From the records below, transcribe only the lines running from the one with "Singpore, Monetary Authority, $2, 2006, solid" through the one with "Initial Coin Offering, ICO.". Keep both of those end lines.

RECORDS SHOWN >>
----------------------------------------

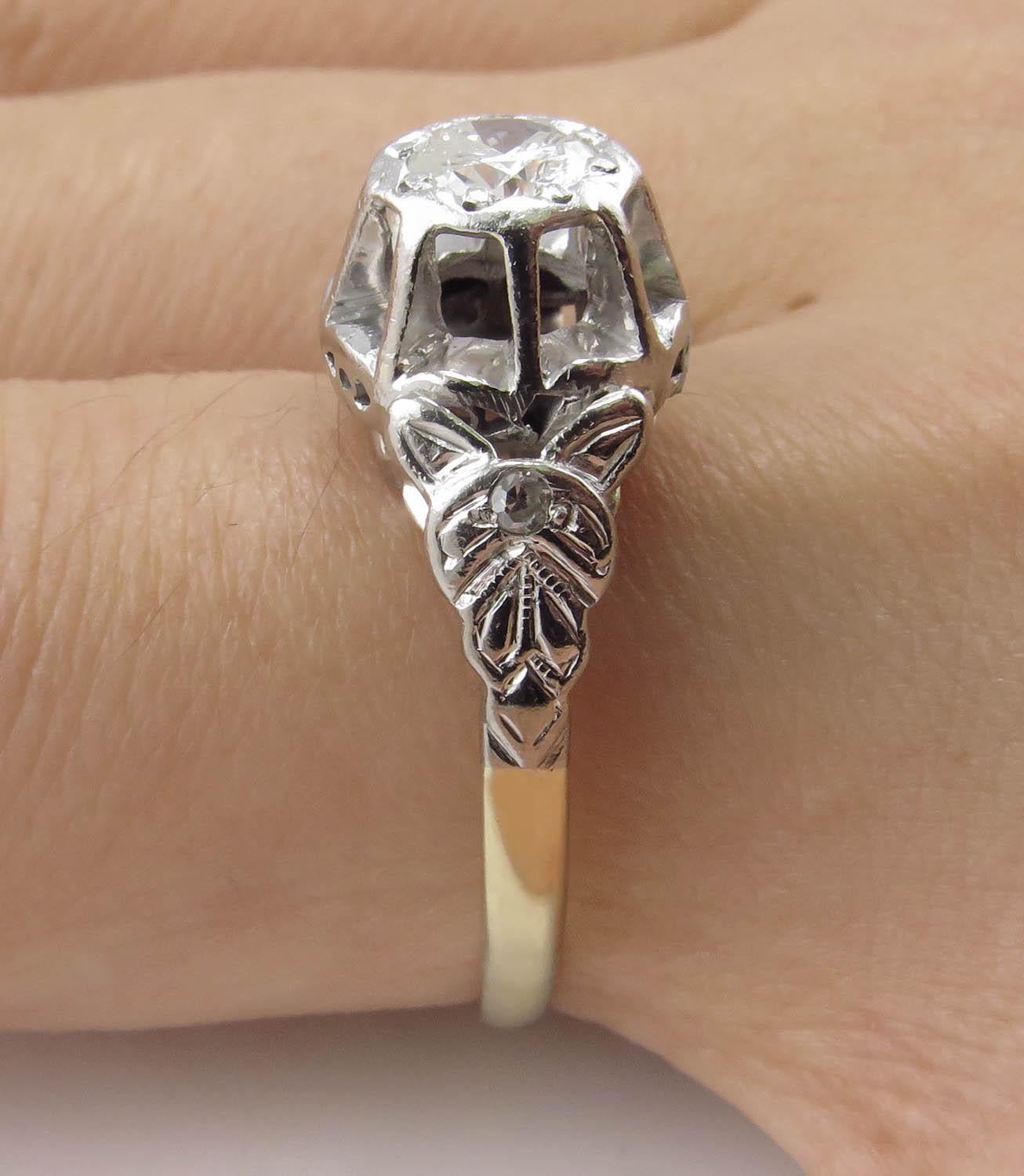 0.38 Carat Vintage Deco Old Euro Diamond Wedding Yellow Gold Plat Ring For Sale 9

----------------------------------------

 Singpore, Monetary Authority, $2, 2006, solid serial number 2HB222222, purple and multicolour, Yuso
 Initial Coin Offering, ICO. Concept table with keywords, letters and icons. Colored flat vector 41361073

----------------------------------------

RESULT FOR THIS TASK >>
 Singpore, Monetary Authority, $2, 2006, solid serial number 2HB222222, purple and multicolour, Yuso
 Initial Coin Offering, ICO. Concept table with keywords, letters and icons. Colored flat vector 41361073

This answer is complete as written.